Barclays Bank of Kenya (BBK) #ticker:BBK chief executive Jeremy Awori warned on Monday that falling margins from loans and advances were beginning to squeeze lenders, even as the listed firm recorded a seven percent jump in net profit to hit Sh7.41 billion.
The lender's net interest income for the year ended December 2018, including loans to customers and government securities, remained largely flat, rising by Sh190 million — or the equivalent of 0.8 percent — to Sh21.99 billion.
Barclays saw its non-interest income, which comprises fees and commissions, dividend income and foreign exchange income, rise by Sh1.24 billion representing a 14.7 per cent jump to close the financial year at Sh9.7 billion.
Barclays is the third bank after KCB Group #ticker:KCB and Stanbic Holdings #ticker:SCBK to announce a profit growth in full-year results.
But Mr Awori warned that the cap on interest rates is likely to constrain further growth backed by interest income going forward, forcing banks to tap additional non-interest based revenue streams.
“If interest rate cap remains in place we will see challenges for all banks around interest income so obviously the focus will be on NFI (non-funded income),” he said at an investor briefing yesterday.
“If we see relatively low-interest rates, or we see drops in the CBR (Central Bank Rate) going forward there may be some level of concern that banks are not able to deliver a return on risk rated assets … And that’s hitting the return on equity.”
Mr Awori, however, added that banks will have to innovate should the caps stay.
“Going forward we are in the environment we are in and we have to run our business in this environment,” he said.

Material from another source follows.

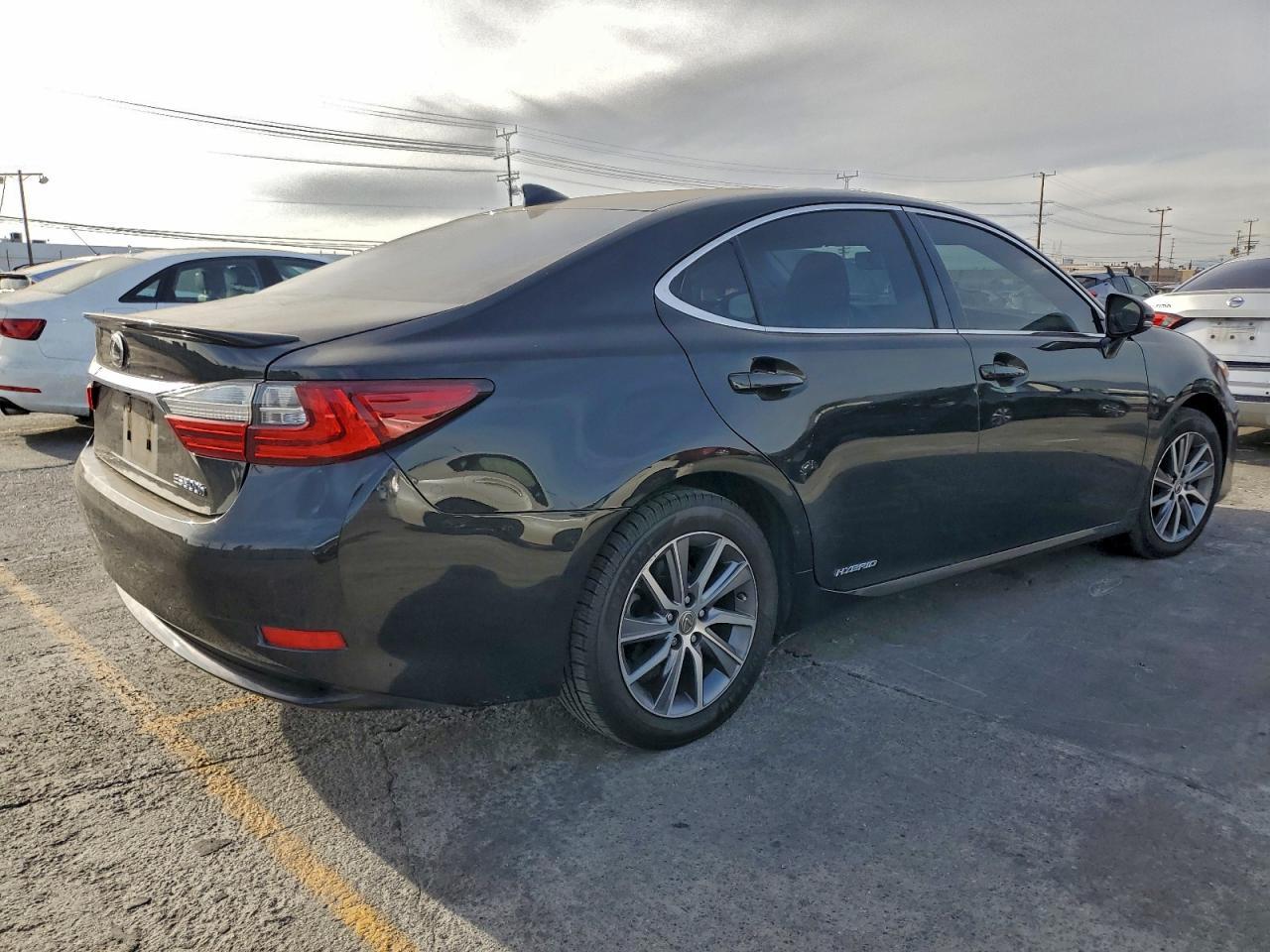 2018 Lexus Es 300H - Фото 3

The tier-one lender closed the year with a loan book of Sh177.35 billion, a five percent jump from the previous year, while customer deposits increased 11.5 percent to Sh207.4 billion.

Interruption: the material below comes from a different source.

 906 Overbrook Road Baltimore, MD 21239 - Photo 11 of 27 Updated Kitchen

The lender’s gross non-performing loans increased by Sh1.8 billion the equivalent of 14.88 per cent to Sh13.9 billion in the period from Sh12.6 billion the previous year as its loan loss provision, booked as an expense in the income statement, jumped 24.2 percent to Sh3.87 billion.
The performance saw the bank declare a final dividend of 90 cents per share, bringing the total full-year payout to Sh1.1 per share, a 10 percent rise.